WHAT TO DO:
Print every record exactly, but leave out the pictures.

*** Opening of DATA SHOWN ***

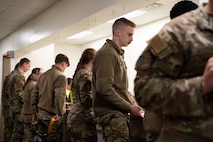 U.S. Air Airforce Airmen are processed through the personnel deployment function line.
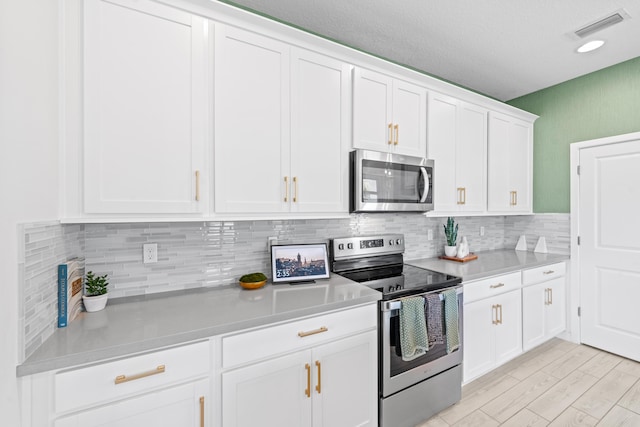 8781 Corvus Dr, Lake Worth, FL 33467 - kitchen with white cabinets, light countertops, visible vents, and appliances with stainless steel finishes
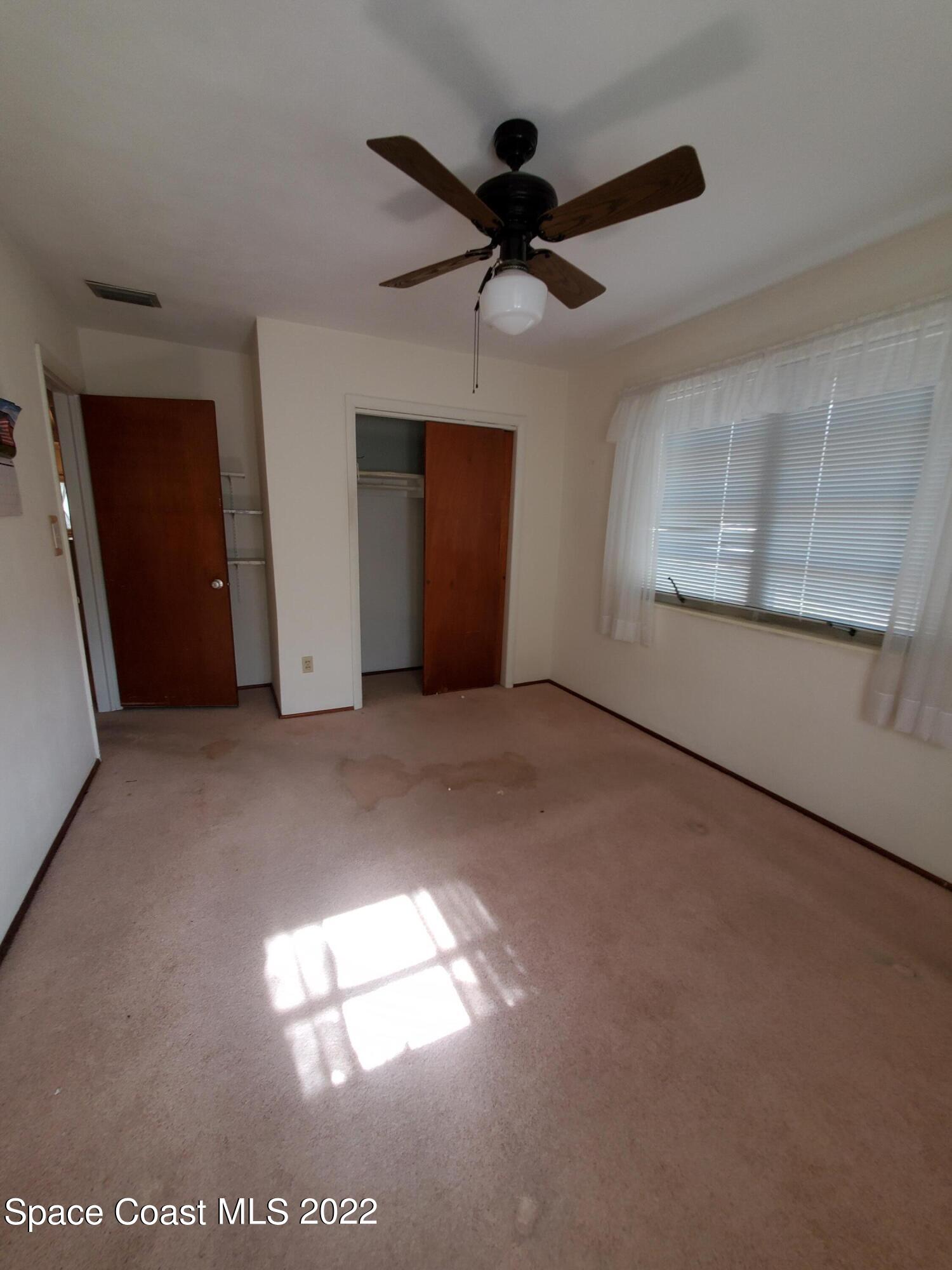 1507 Emory Lane Cocoa, FL 32922 - Photo 31 of 57 a view of empty room with ceiling fan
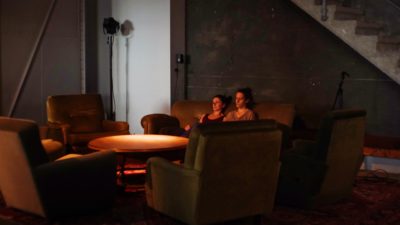 Two female performers sit on a sofa as they create a site-specific work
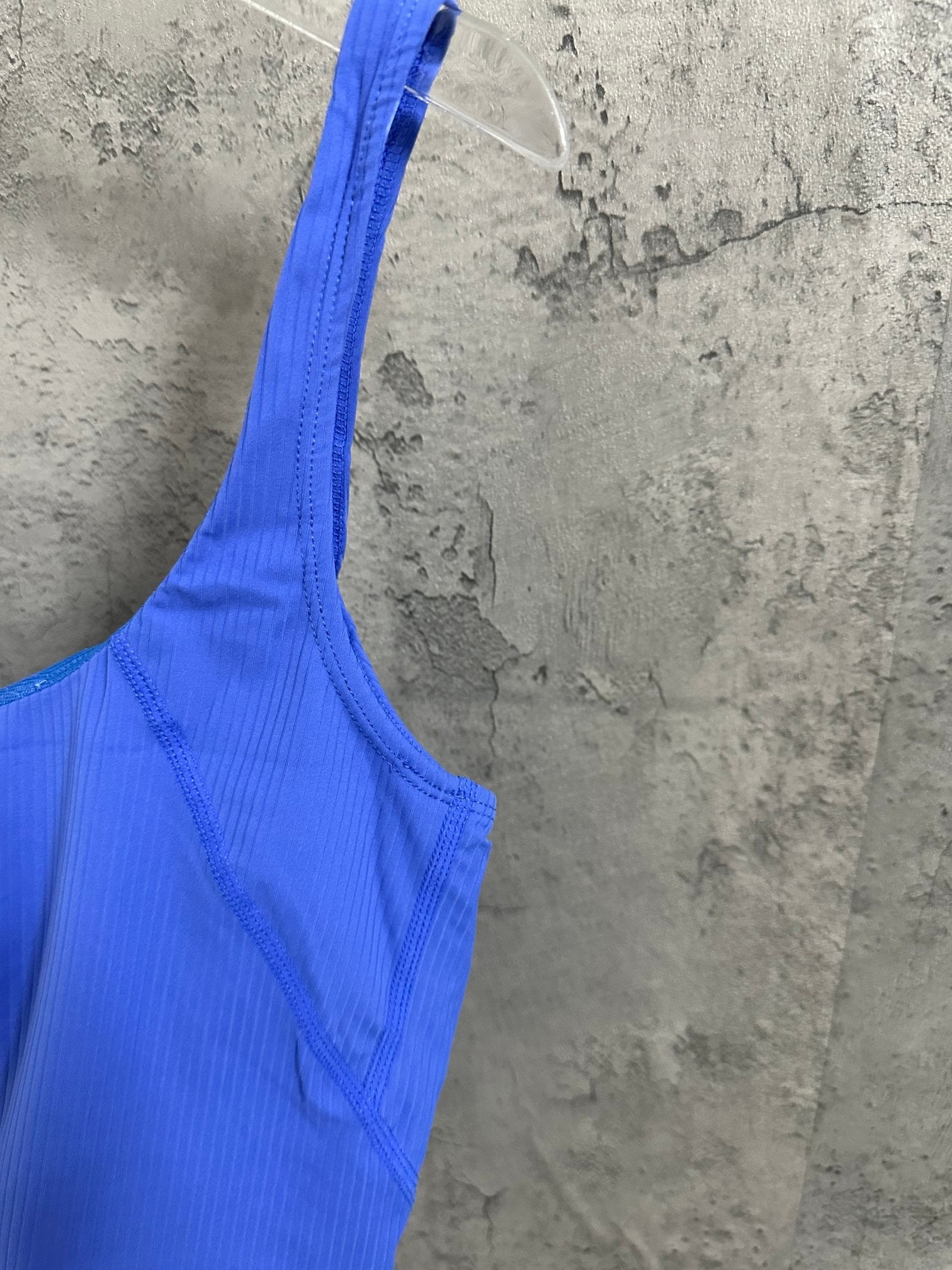 Blue ribbed tank top detail view, scoop neckline and narrow shoulder strap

*** Close of DATA SHOWN ***

RESULT BELOW:
 U.S. Air Airforce Airmen are processed through the personnel deployment function line.
 8781 Corvus Dr, Lake Worth, FL 33467 - kitchen with white cabinets, light countertops, visible vents, and appliances with stainless steel finishes
 1507 Emory Lane Cocoa, FL 32922 - Photo 31 of 57 a view of empty room with ceiling fan
 Two female performers sit on a sofa as they create a site-specific work
 Blue ribbed tank top detail view, scoop neckline and narrow shoulder strap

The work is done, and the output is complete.